What’s Peter Thiel’s Secrets?

欧阳琦玮

晨山资本 合伙人

这一期我们来谈谈创业中那些开放却未知的「秘密」。

Peter Thiel指出,你无法完全基于众所周知的事实创建一家伟大的公司。那么,在他眼中,成功企业的秘密究竟是什么呢?

本文编译自亿万富翁Peter Thiel的《从0到1》(Zero to One,有删节),原著基于其斯坦福大学创业课程的授课笔记整理而来。Peter是极为成功的创业者(PayPal与Palantir)、投资人(Facebook)、政治活动家(Trump竞选早期在硅谷的重要支持者)、慈善家和作者。

Every great business is built around a secret that’s hidden from the outside. 
A great company is a conspiracy to change the world. 
你无法完全基于众所周知的事实
创建一家伟大的公司
 

SECRETS / 秘 密

Every One of today’s most famous and familiar ideas was once unknown and unsuspected. mathematical relationship between a triangle’s sides, for example, was secret for millennia. Pythagoras had to think hard to discover it. If you wanted in on Pythagoras’s new discovery, joining his strange vegetarian cult was the best way to learn about it.

当今很多家喻户晓、众人皆知的想法,都曾经是未知的或未经审视过的。例如,三角形三边之间的关系(毕达哥拉斯定理或曰勾股定理)就曾是千古之谜,毕达哥拉斯费劲艰辛才发现其中奥秘。
 
Today, his geometry has become a convention—a simple truth we teach to grade schoolers. A conventional truth can be important—it’s essential to learn elementary mathematics, for example—but it won’t give you an edge. It’s not a secret.
如今,勾股定理已然成为小学生都知道的常识。这个定理虽然简单,但非常重要,以至于成为小学生的必修课。但今天,掌握这一定理却不再让你成为举世闻名的数学家,也不能给你带来任何优势,因为它已不是秘密。
 
Remember our contrarian question: what important truth do very few people agree with you on?

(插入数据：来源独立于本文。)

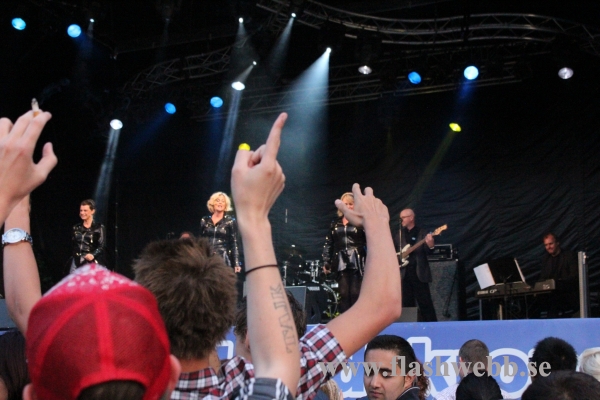 Karnevalen_20110716_122.JPG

If we already understand as much of the natural world as we ever will—if all of today’s conventional ideas are already enlightened, and if everything has already been done—then there are no good answers.
让我们回忆一下我们在讨论逆向思维的时候提出的问题:你有哪些“特别”的观点,是多数人不了解/不认可/不同意,而你自己满怀信心的?假如我们今天已经发现了这个世界的所有规律,发明了所有应该发明的东西,那么我们恐怕很难对这个问题找到一个好的答案。
 
Contrarian thinking doesn’t make any sense unless the world still has secrets left to give up. Of course, there are many things we don’t yet understand, but some of those things may be impossible to figure out—mysteries rather than secrets. For example, string theory describes the physics of the universe in terms of vibrating one-dimensional objects called “strings.” Is string theory true? You can’t really design experiments to test it.
如果这个世界已经没有了尚未解开的谜题,那么我们之前讨论的逆向思维也就没有用武之地了。当然,这个世界还有很多未知和未被解释和理解的现象,但其中的一部分是无法被证实或被证伪。比如,物理学中的弦理论——某种将宇宙中的物理活动归结为一种一维的、振动的,被称作“弦”的物体——就是一个很好的例子。你无法设计一种实验来证实或者证伪弦的存在。
 
Very few people, if any, could ever understand all its implications. But is that just because it’s difficult? Or is it an impossible mystery? The difference matters. You can achieve difficult things, but you can’t achieve the impossible.
极少数人能够理解弦理论以及其全部意义。但这仅仅是因为弦理论很难理解吗?或者是因为这是一个无法验证的理论?“困难”和“无法实现”可不是一回事。困难的事情可以通过努力去实现,然而“无法实现”的事情让人无从下手。
 
Recall the business version of our contrarian question: what valuable company is nobody building? Every correct answer is necessarily a secret: something important and unknown, something hard to do but doable. If there are many secrets left in the world, there are probably many world changing companies yet to be started. This chapter will help you think about secrets and how to find them.
回忆一下商业版的逆向思维问题:有哪些拥有巨大价值的公司还还没有被创建?每个正确回答背后都有一个秘密:有哪些很重要但尚未被充分挖掘的领域?有哪些事虽然困难但却可为?既然世界上还有很多秘密未被发掘,那就还可能出现很多有望改变世界的企业。这部分将帮助你思考秘密的含义,以及如何发现秘密。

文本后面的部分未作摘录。